*** Block opens ***

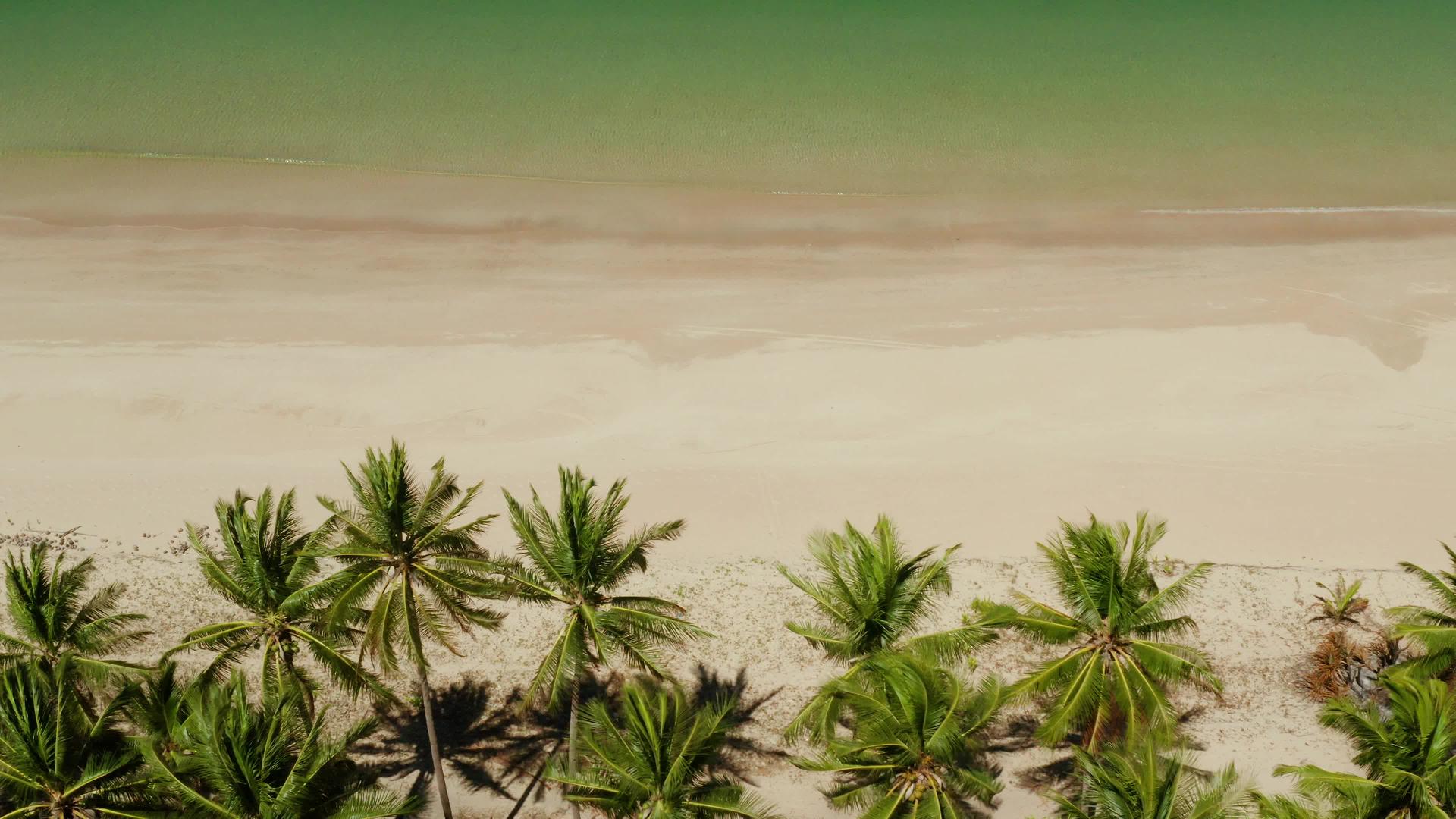 从上面看白沙的热带海滩视频的预览图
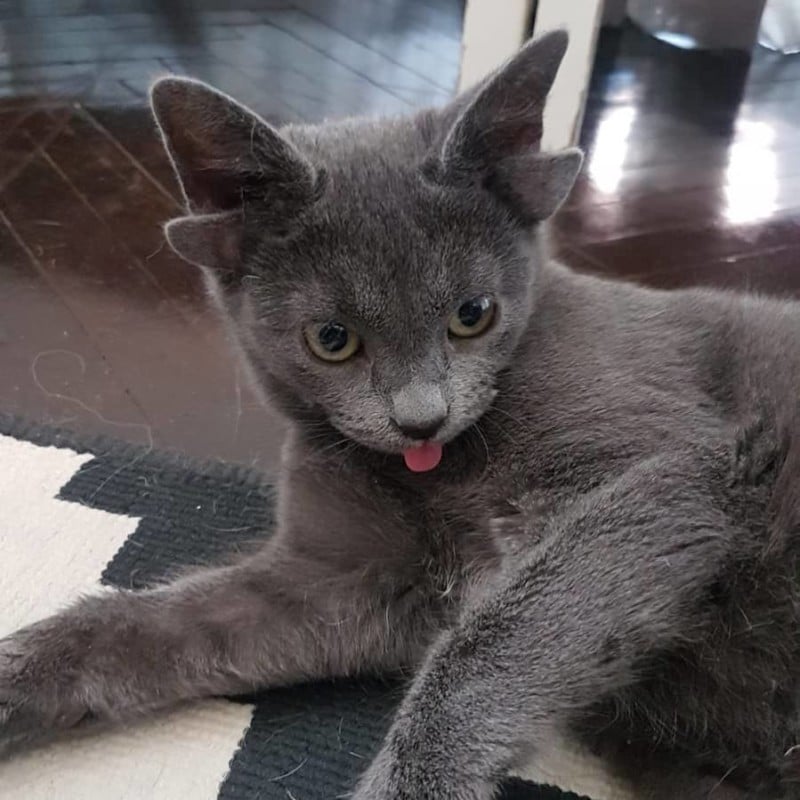 Midas the Four-Eared Kitten is an Instagram Star | PetaPixel
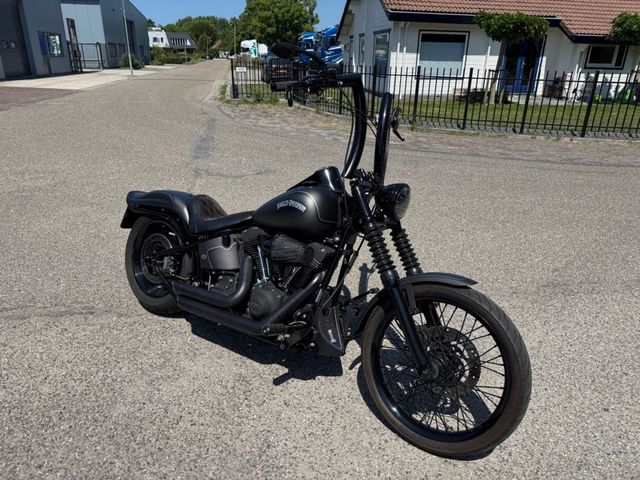 harley-davidson - fat-boy-special-flstfb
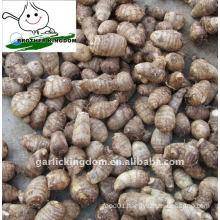 New Fresh Taro 50g and up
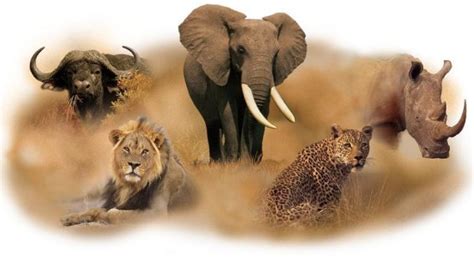 Big Five Animals ~ Africa Big Five Animals ~ List Of Big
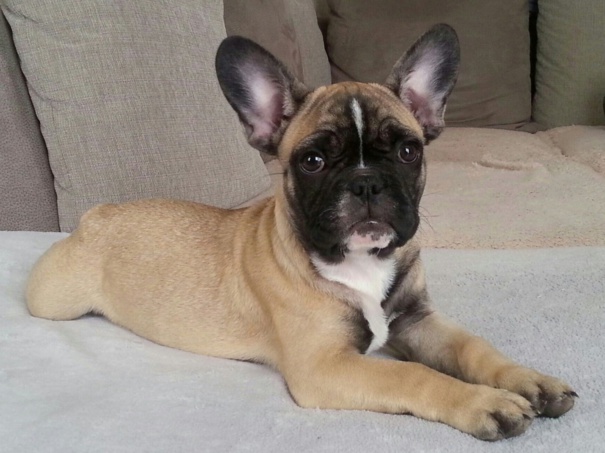 2 vidéos bouledogue français fauve masque noir (4 mois) 2 vidéos bouledogue français fauve masque noir (4 mois)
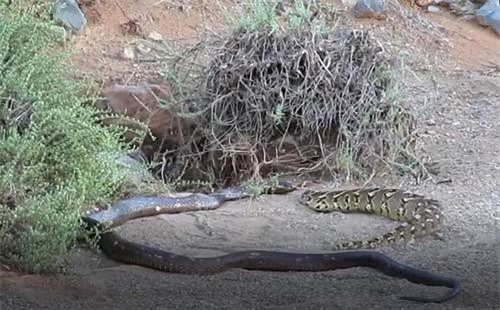 CLIP: Rắn hổ mang đại chiến rắn đuôi chuông khổng lồ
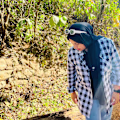 fathima avatar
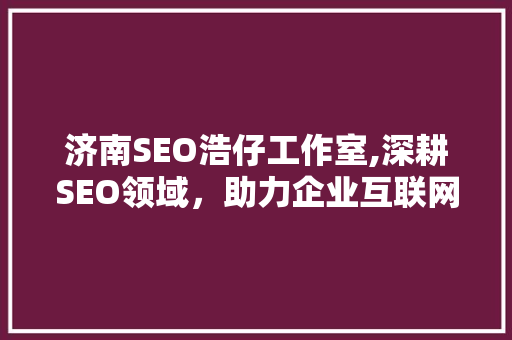 济南SEO浩仔工作室,深耕SEO领域，助力企业互联网营销新篇章  第1张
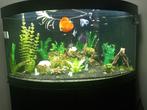 Te koop complete  juwel trigon 350  met vissen, Dieren en Toebehoren, Ophalen, Gebruikt, Gevuld zoetwateraquarium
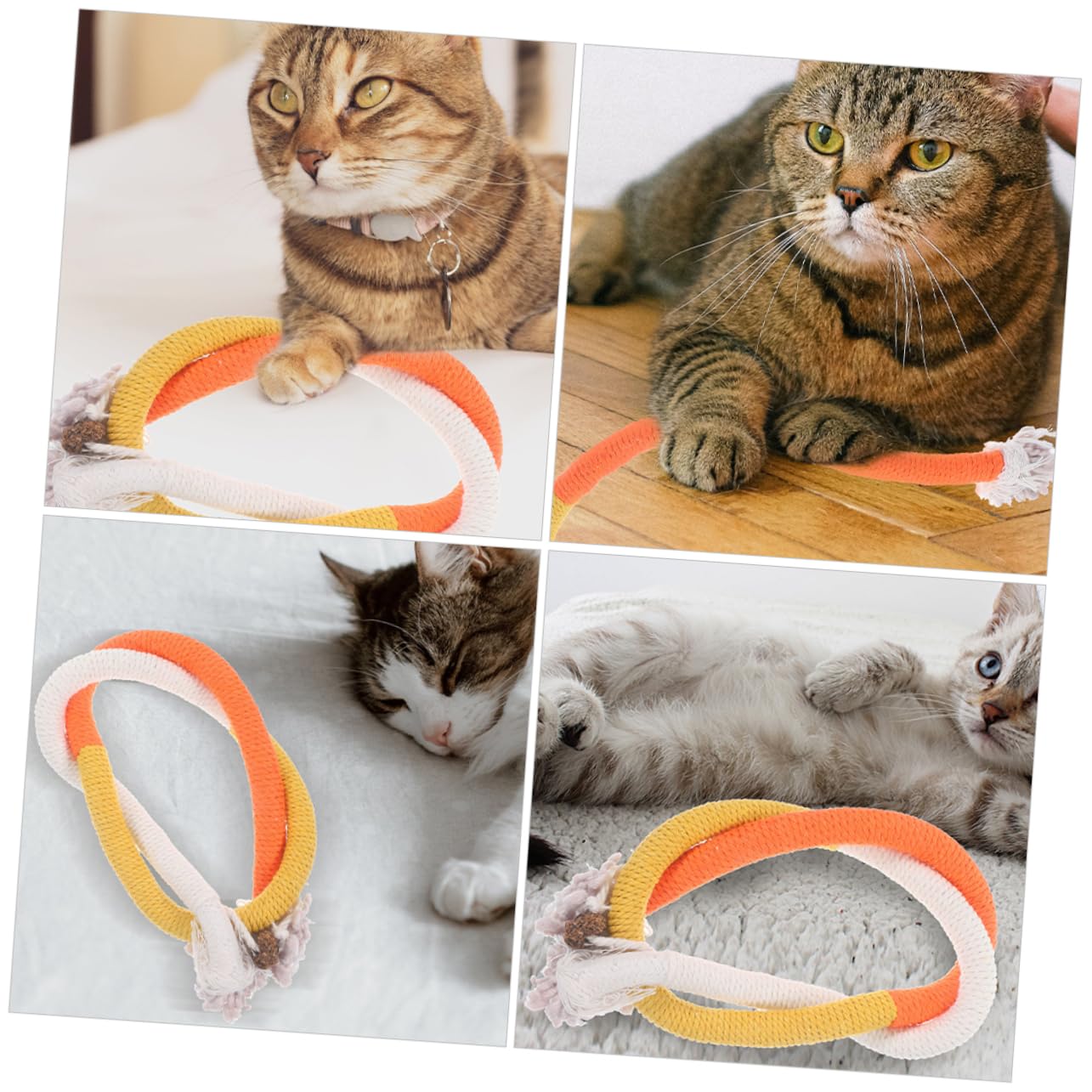 POPETPOP 20 Pièces Corde à mâcher pour Chat Interactive Cat Toy Catnip Jouets pour Chats grincements de Dents de Chat Jouets Mordre Jouet pour Animaux de Compagnie Menthe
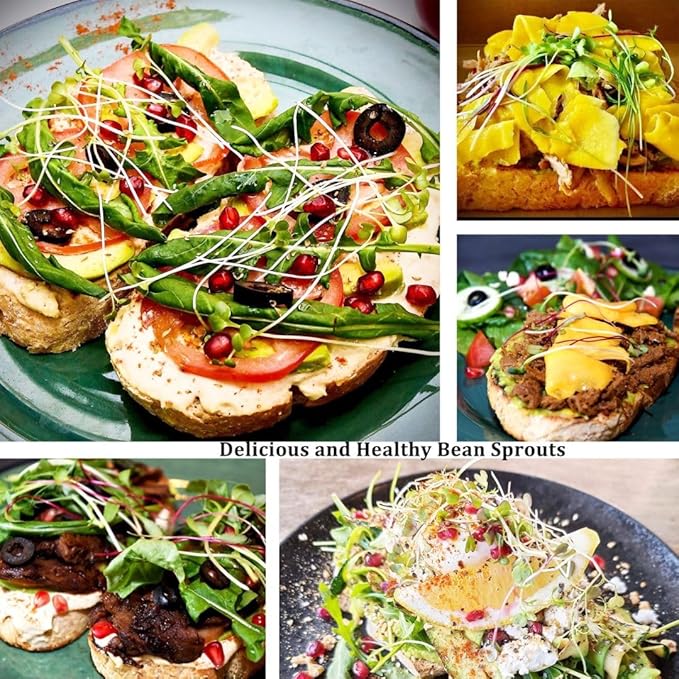 Organic Seed Sprouting Jar Kit – 2 × 32 oz Wide-Mouth Mason Jars with Stainless-Steel Sprouter Lids & Stand, Blackout Sleeves, Drain Tray – Grow Broccoli, Alfalfa & Bean Microgreens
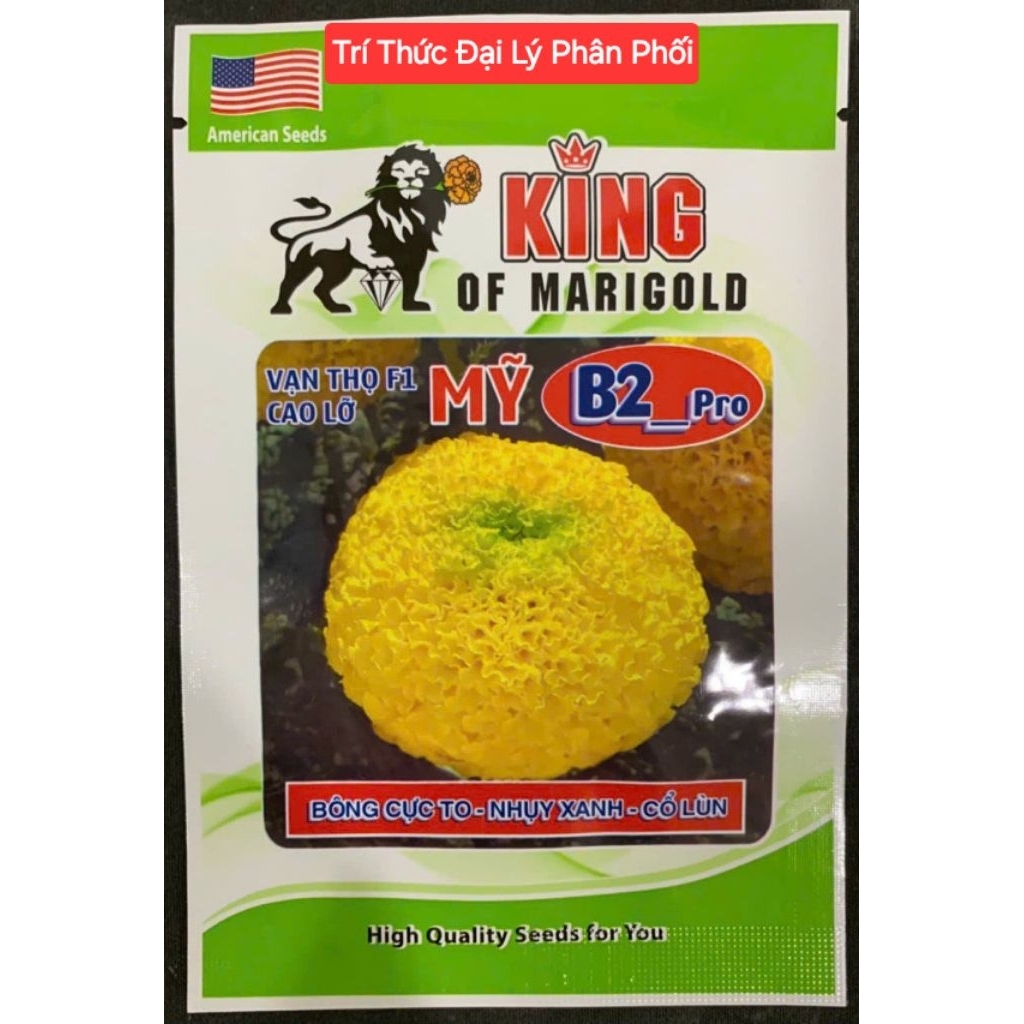 Hạt giống hoa vạn thọ Sư Tử B2 Pro bông vàng chanh cực to, nhụy xanh, cổ lùn, gói 1g (300-400 hạt)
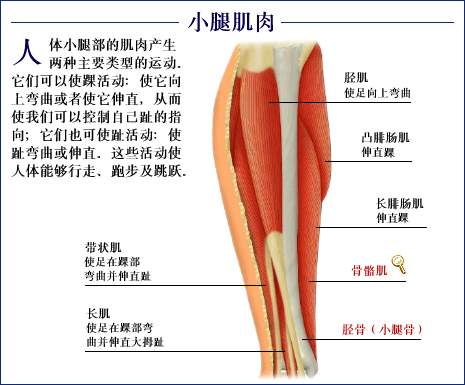 小腿肌肉.bmp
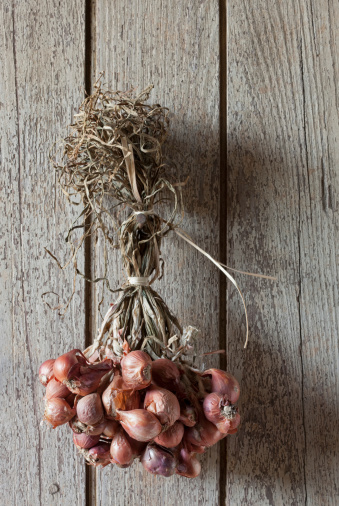Freshly harvested red onion, straight from the field, hung up to dry on an old wooden wall.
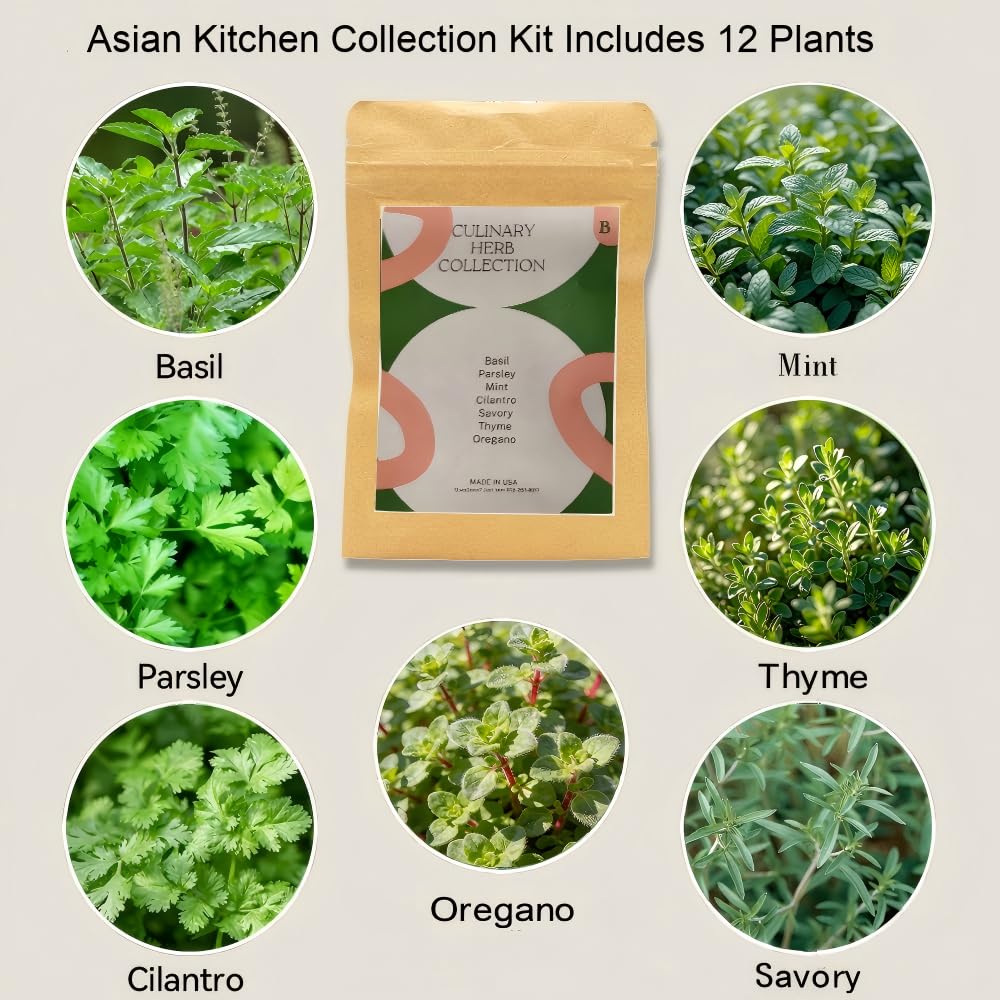 inbloom Hydroponics Herb Seed Pod Kit for AeroGarden, iDoo, Ahopegarden, GARDENCUBE, 7 Pods (350+ Herb Seeds with Basil, Parsley, Mint, Cilantro, Savory, Thyme and Oregano)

*** Block closes ***

From the line that contains "Freshly harvested red" down to the final line of the entries above, please copy each line exactly, excluding pictures.

Freshly harvested red onion, straight from the field, hung up to dry on an old wooden wall.
 inbloom Hydroponics Herb Seed Pod Kit for AeroGarden, iDoo, Ahopegarden, GARDENCUBE, 7 Pods (350+ Herb Seeds with Basil, Parsley, Mint, Cilantro, Savory, Thyme and Oregano)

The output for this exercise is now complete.